Work order: Restate word for word the entries below, starting with the line with "New 2025 Chevrolet" and continuing through the line with "1023 18th Street Myrtle Point OR 97458". Include both of those lines and no others.

Record excerpts:
....................

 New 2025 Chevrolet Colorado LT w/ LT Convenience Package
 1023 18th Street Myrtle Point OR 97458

....................

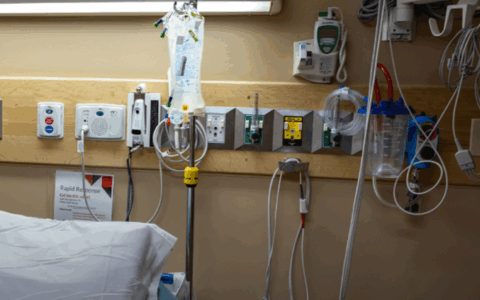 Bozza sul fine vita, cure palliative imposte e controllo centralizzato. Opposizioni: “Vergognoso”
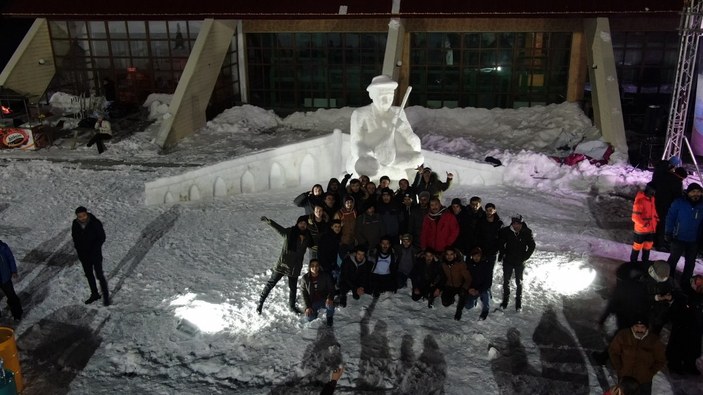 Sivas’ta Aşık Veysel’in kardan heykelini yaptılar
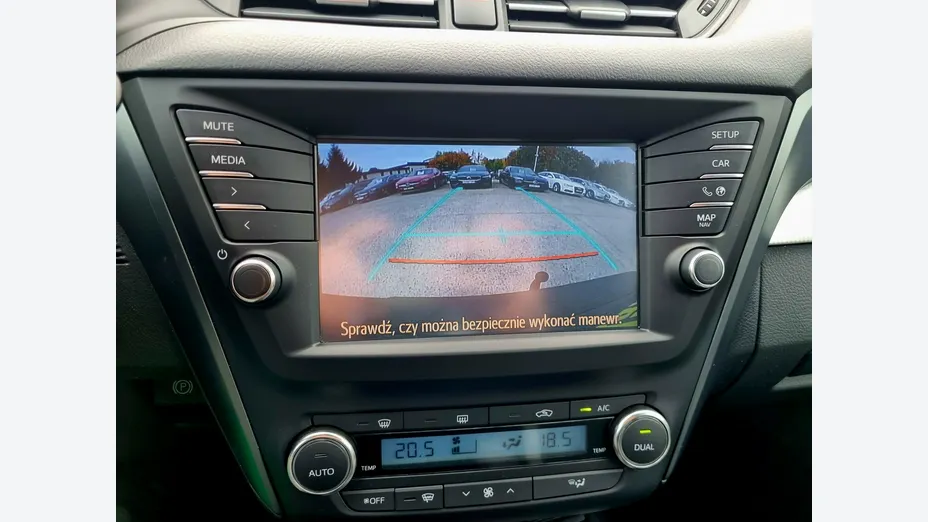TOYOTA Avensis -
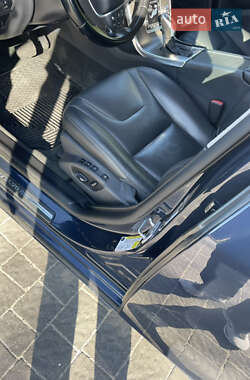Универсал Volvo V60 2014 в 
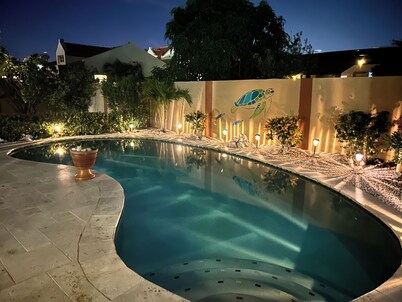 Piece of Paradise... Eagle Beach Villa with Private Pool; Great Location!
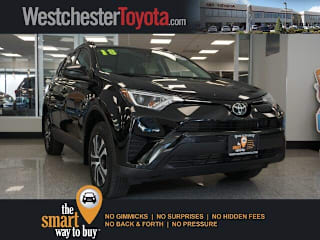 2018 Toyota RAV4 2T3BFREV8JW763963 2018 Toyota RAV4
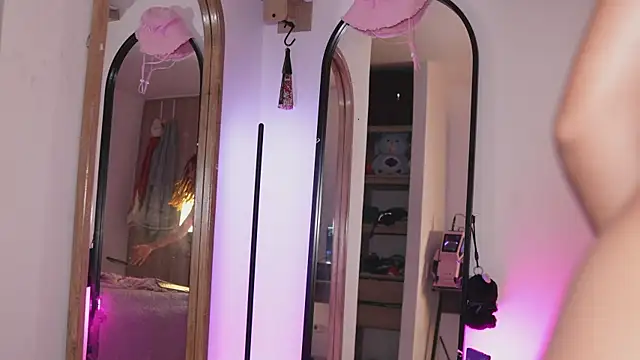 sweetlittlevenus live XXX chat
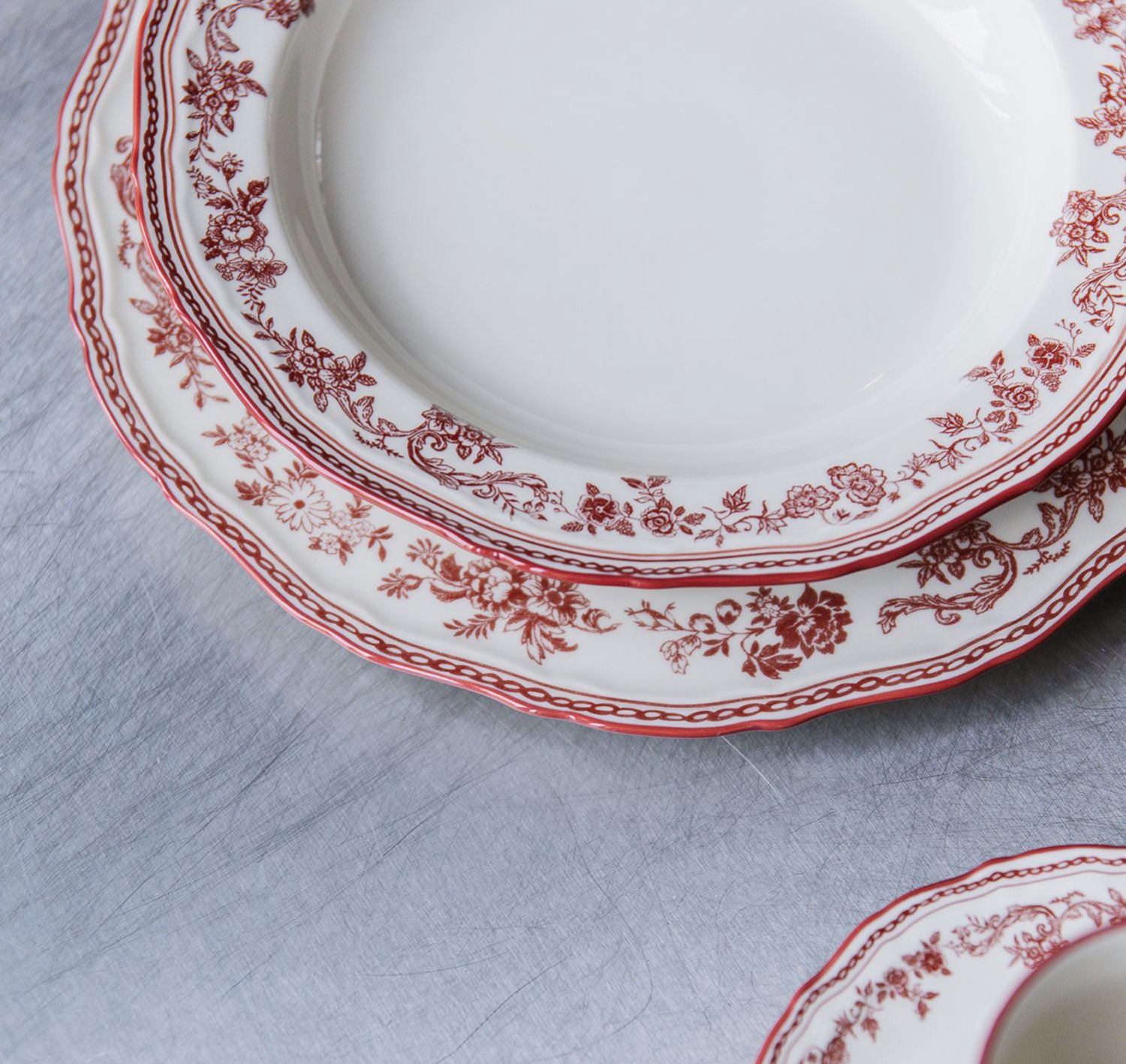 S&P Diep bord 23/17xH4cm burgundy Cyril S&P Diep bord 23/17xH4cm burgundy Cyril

....................

Answer below:
 New 2025 Chevrolet Colorado LT w/ LT Convenience Package
 1023 18th Street Myrtle Point OR 97458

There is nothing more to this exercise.